Daniel Hotchkis

Personal information
- Nickname: Hotty
- Nationality: Australian
- Born: Daniel 15 November 1985 (age 40)

Sport
- Country: Australia
- Sport: Field hockey
- Event: Men's team

= Daniel Hotchkis =

Australian field hockey player

Daniel Hotchkis is an Australian field hockey player. He played state level hockey for the Canberra Lakers in the Australian Hockey League. He has been a member of the Australia men's national field hockey team, nicknamed the Kookaburras.

==Personal==
Hotchkis is from the Australian Capital Territory and he calls Canberra his home town. His nickname is Hotty. When not playing hockey, he is a reporting specialist in the public sector.

==Field hockey==
Hotchkis is a midfielder and striker. He started playing the sport when he was six years old, playing junior hockey for Central and Marist.

Hotchkis played club hockey with the Central Hockey Club of Canberra. He was playing with the club in 2006. His club had a three-week losing streak going into the senior men's ACT grand final. He was with Central in 2010 and 2012. As of 12 June 2012, he had played in 8 games for the season and had yet to score a goal.

Hotchkis plays for the Canberra Lakers in the Australian Hockey League as a midfielder and has been with the team starting in 2002 and was with the team As of 2011. During his 2009 time with the team, he scored three goals, had one green card and 1 yellow card. He played for the team in the 2010 season, finishing off scoring 71 goals in 12 games while wearing shirt number 3. He played for the team in the first found of the 2011 season. In a second-round game in 2011 against South Australia that the Lakers won 6–2, he scored a goal in the 30th minute. He was with the team again for 2011/2012 courtesy of an ACTAS scholarship. His state based play is sponsored by Jamison Travel.

===National team===
Hotchkis has played for Australia men's national junior field hockey team. In 2005, he played for the team at the Rabobank Men's Junior World Cup in Rotterdam.

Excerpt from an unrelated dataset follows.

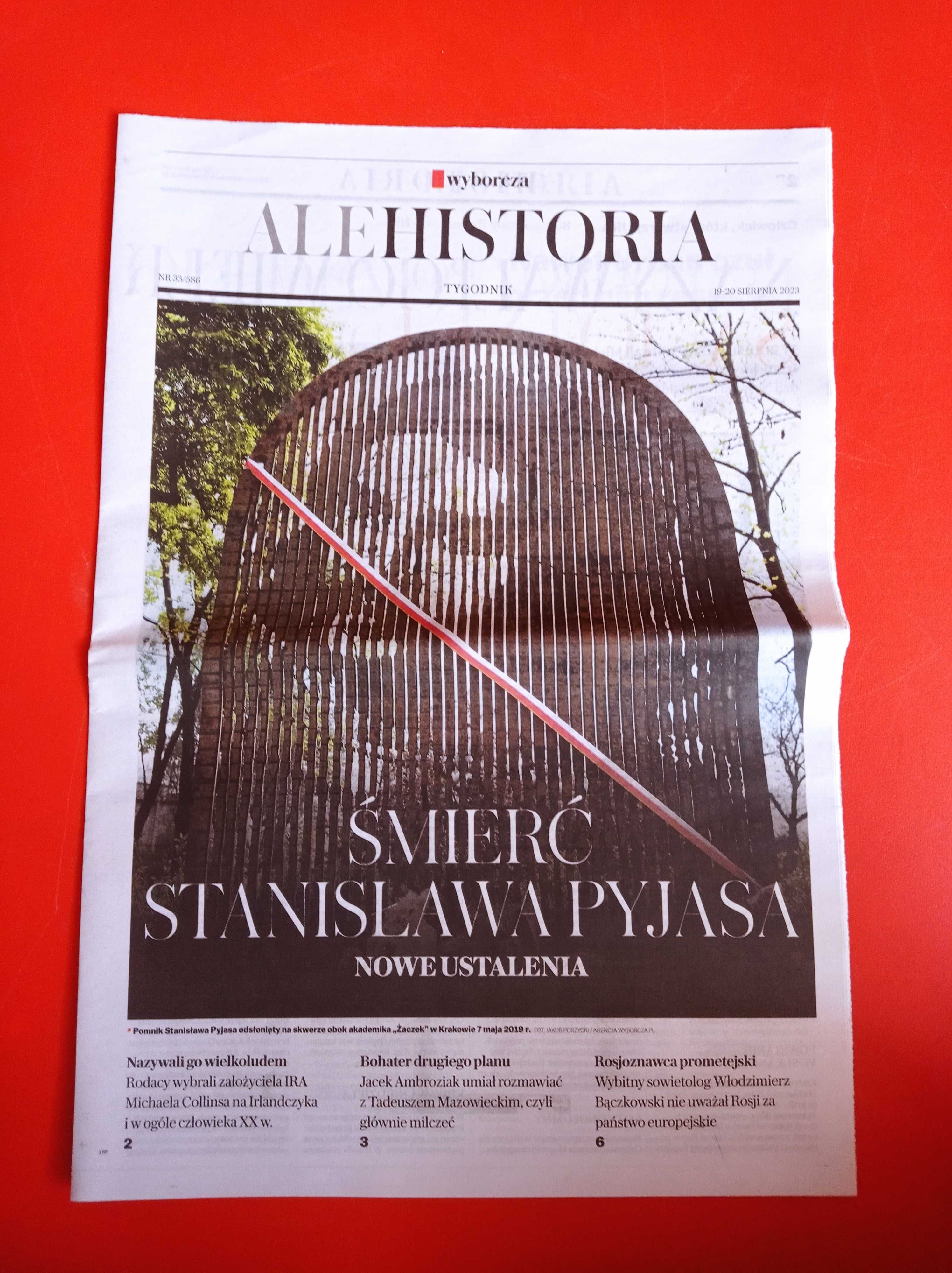 Gazeta Wyborcza ale Historia, nr 33, 19-20 sierpnia 2023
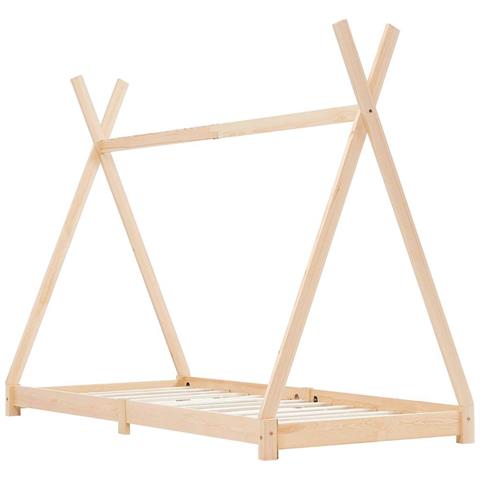 Lusso Casadino - Giroletto Per Bambini In Legno Massello Di Pino 70x140 Cm - Foto 1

In January 2008, Hotchkis made his senior national team debut at the Five Nations men's hockey tournament in South Africa. In December 2011, he was named as one of fourteen players to be on the 2012 Summer Olympics Australian men's national Olympic development squad. While this squad is not in the top twenty-eight and separate from the Olympic training coach, the Australian coach Ric Charlesworth did not rule out selecting from only the training squad, with players from the Olympic development having a chance at possibly being called up to represent Australia at the Olympics. He trained with the team from 18 January to mid-March in Perth, Western Australia. He played for Australia's A Team in games against Argentina and the Netherlands during the team's February training camp in Perth, Western Australia.